I mean the sort of art that is sold by supposedly reputable galleries. It ranges from the type of stuff that my mother thinks is "nice" ("It's so good, it could be a photograph...") to a lazy modernism that looks vauguely like Warhol, Rothko or Pollock, as painted by someone with no talent.

I say this with authority, as I've spent several evenings trawling through websites, trying to find a painting for the chimney breast in our sitting room. I thought the internet would offer an embarrassment of riches, but it has been a depressing experience.

However, I have learned some useful lessons:
  • Avoid artists with shortened names like Mick, Bob, Roz, Jen etc
  • Don't bother with eBay
  • Look up an artist you like on Google images to find kindred spirits
  • Check the sizes - I almost bought a linocut that was only marginally larger than a Burkina Faso postage stamp
  • A good print is better than an indifferent original
But in spite of this learning curve, my internet searches remained fruitless and I failed to find anything until today, when I discovered an artist in the real world who seduced me with her wares.

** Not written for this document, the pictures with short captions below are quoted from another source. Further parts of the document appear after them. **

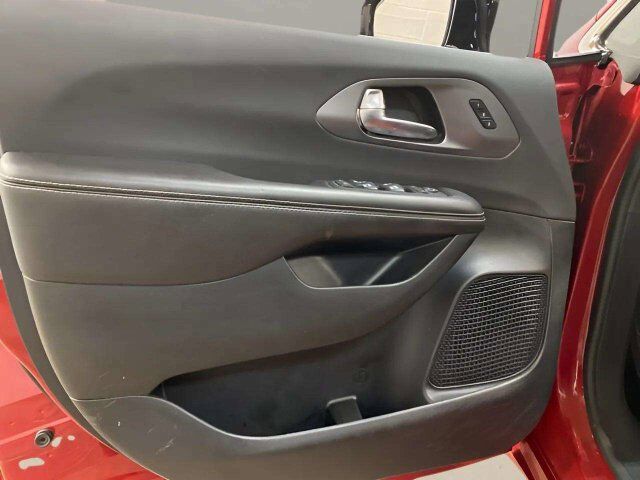 2026 Chrysler Pacifica Select Dallas TX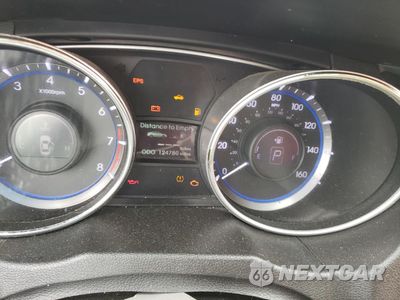 Zdjęcie 9 z 14 samochodu: 2011 HYUNDAI SONATA SE VIN:5NPEC4ACXBH038080 - miniatura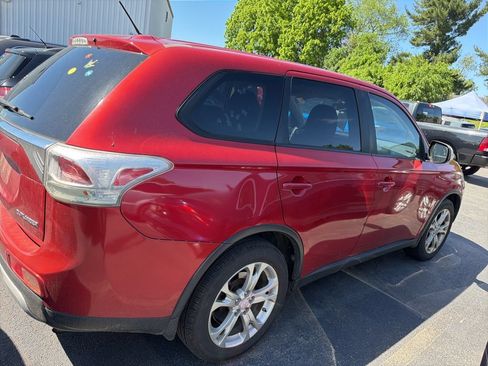 Used 2015 Mitsubishi Outlander SE AWD/4WD image 5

She was selling prints of linocuts from her studio in Jevington, a hamlet in Sussex which has a church tower that is over 1,000 years old and a restaurant that invented the banoffee pie. I'd never seen an original linocut before and probably asked a lot of stupid questions, but I hope that my enthusiasm compensated for my ignorance. The cash must have helped too.

After buying a couple of prints, we went for a walk along the South Downs Way and I took a photo, which Google Plus has shamelessly pimped up:

I'm completely baffled by Google Plus.Why has it suddenly started altering my photos and why are complete strangers adding me to their circles? Also, what is a "hang-out"?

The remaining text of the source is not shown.